SOURCE MATERIAL:
* * * * * * *

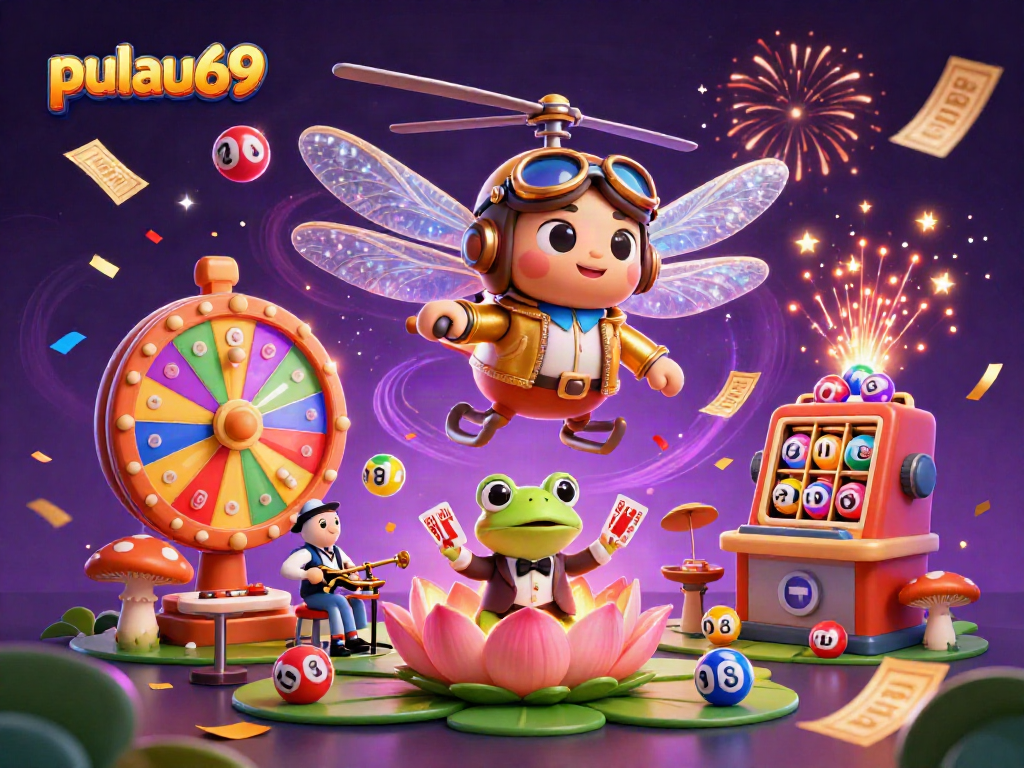 Experience pulau69 with a vibrant casino scene featuring dynamic elements of lotto and gaming excitement.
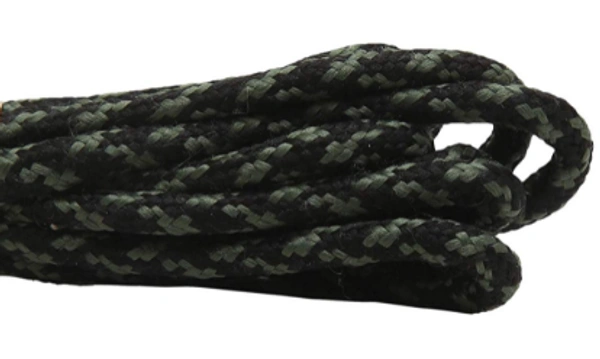 GRAH SANGRAH® (2 Pair) Shoelaces for Hiking Shoes, Outdoor Walking Sneakers, Outdoor Hiking, Climbing, Basketball, Work Boot, Running , Sport Shoes - 120 cm, Olive -BLK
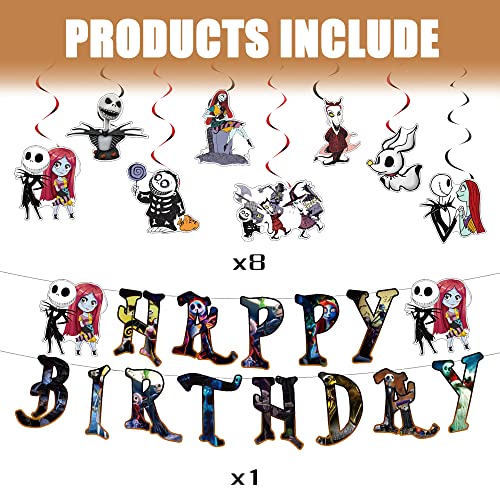 Christmas Nightmare Character Birthday Party Decorations Nightmare Happy Birthday Banner Hanging Swirls For Birthday Party Supplies Halloween Decorations #TOP1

* * * * * * *

EXERCISE INSTRUCTIONS:
Print the data exactly as written, dropping any images it holds.

WRITTEN SOLUTION:
 Experience pulau69 with a vibrant casino scene featuring dynamic elements of lotto and gaming excitement.
 GRAH SANGRAH® (2 Pair) Shoelaces for Hiking Shoes, Outdoor Walking Sneakers, Outdoor Hiking, Climbing, Basketball, Work Boot, Running , Sport Shoes - 120 cm, Olive -BLK
 Christmas Nightmare Character Birthday Party Decorations Nightmare Happy Birthday Banner Hanging Swirls For Birthday Party Supplies Halloween Decorations #TOP1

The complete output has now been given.